Another important example is automatic control. The key developments in twentieth-century automatic control are the works of Nyquist (1932) and Bode (1940) for systems with a single input and a single output. The paper by Nyquist (1932) in particular specifies causality, but otherwise confines its attention to the stability issue for which it is justly famous. Part 1 of this book, with its physical narrative and due care of historical context, reinterprets these classic works to establish that the uncontrolled system must also not be singular, nor must the controlled system encounter singularity.
However, Part 1 of this book goes much further.
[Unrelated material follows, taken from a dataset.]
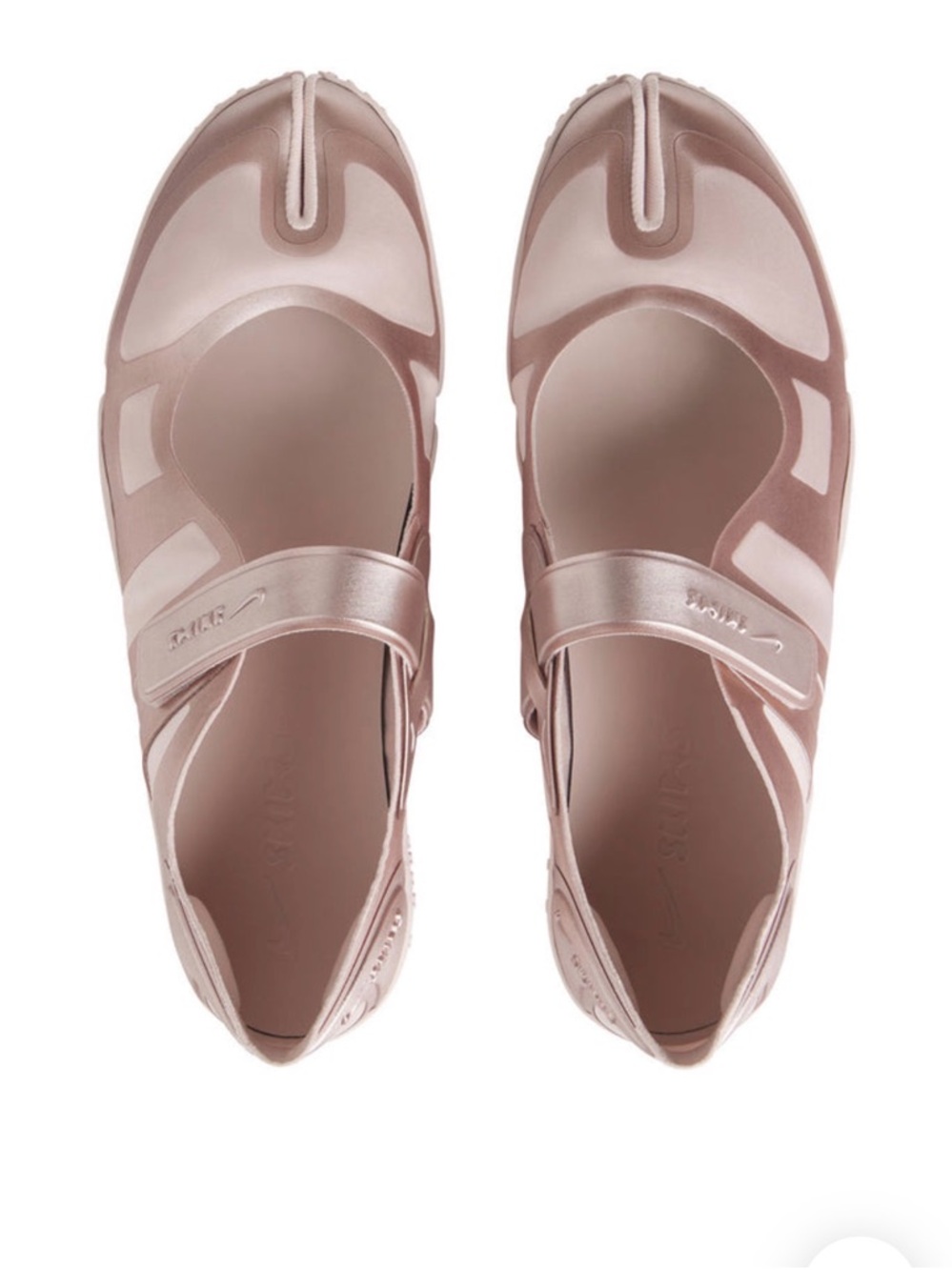 NikeSKIMS FOOTWEAR
RIFT SATIN sandals 38.5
It shows that these fundamental properties – in particular, non-singularity – must obtain for all small-signal system models, regardless of how many inputs and outputs the system happens to have. Feedback must preserve the independence of the system outputs. So, small-signal automatic control is all of a piece. It is that simple. Moreover, it naturally leads to the coordinated decentralised control of large systems – for example, power systems, with their many inputs and many outputs – with consummate ease. The original methods of Nyquist (1932) and Bode (1940) then apply directly to all such multi-input multi-output control systems, without adaptation.
ONE
PHYSICAL DYNAMICAL SYSTEMS
SUMMARY
This chapter sets out the two fundamental properties that a physical dynamical system should possess. These two fundamental properties are, firstly, that the dynamical system should be physically realisable or causal, and secondly, that the outputs of the dynamical system should be independent.
1.1 INTRODUCTION
In every theoretical investigation of a real physical system, we are always forced to simplify and idealise, to a greater or smaller extent, the true properties of the system.
Theory of Oscillators
A. Andronov, A. A. Vitt and S. E. Khaikin (2011, P. xv)
In our quest to develop mathematical models for our chosen purpose, we often forget that these very models are but idealisations of the actual system we seek to describe. Such is the sentiment expressed previously in the opening sentence of Andronov, Vitt and Khaikin (2011) for physical dynamical systems in 1937 (in Russian).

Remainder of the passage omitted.